“Chance made me an unseen listener to their plan, and—I know not but I forget my duty to my prince! but, John, 'tis asking too much of a weak woman, to require that she shall see the man whom she once viewed with eyes of favor sacrificed, when a word of caution, given in season, might enable him to avoid the danger!”
“Once viewed with an eye of favor! Is it then so?” said the Pilot, speaking in a vacant manner. “But, Alice, heard ye the force of the ships, or their names? Give me their names, and the first lord of your British admiralty shall not give so true an account of their force as I will furnish from this list of my own.”
“Their names were certainly mentioned,” said Alice, with tender melancholy; “but the name of one far nearer to me was ringing in my ears, and has driven them from my mind.”
“You are the same good Alice I once knew! And my name was mentioned? What said they of the Pirate? Had his arm stricken a blow that made them tremble in their abbey? Did they call him coward, girl?”
“It was mentioned in terms that pained my heart as I listened; for it is never too easy a task to forget the lapse of years, nor are the feelings of youth to be easily eradicated.”
“Ay, there is luxury in knowing that, with all their affected abuse, the slaves dread me in their secret holds!” exclaimed the Pilot, pacing in front of his listener with quick steps. “This it is to be marked, among men, above all others in your calling! I hope yet to see the day when the third George shall start at the sound of that name, even within the walls of his palace.”

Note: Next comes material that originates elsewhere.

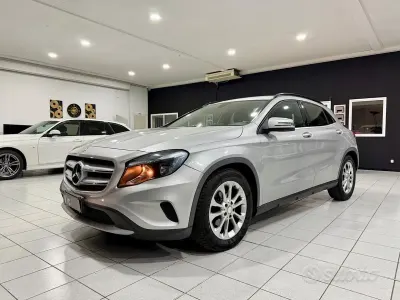 Usata Mercedes GLA180 Business 109 CV (80 kW) 2016 Grigio SUV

Alice Dunscombe heard him in deep and mortified silence. It was too evident that a link in the chain of their sympathies was broken, and that the weakness in which she had been unconsciously indulging was met by no correspondent emotions in him. After sinking her head for a moment on her bosom, she arose with a little more than her usual air of meekness, and recalled the Pilot to a sense of her presence, by saying, in a yet milder voice:
“I have now communicated all that it can profit you to know, and it is meet that we separate.”
“What, thus soon?” he cried, starting and taking her hand. “This is but a short interview, Alice, to precede so long a separation.”
“Be it short, or be it long, it must now end,” she replied. “Your companions are on the eve of departure, and I trust you would be one of the last who would wish to be deserted. If ye do visit England again, I hope it may be with altered sentiments, so far as regards her interests. I wish ye peace, John, and the blessings of God, as ye may be found to deserve them.”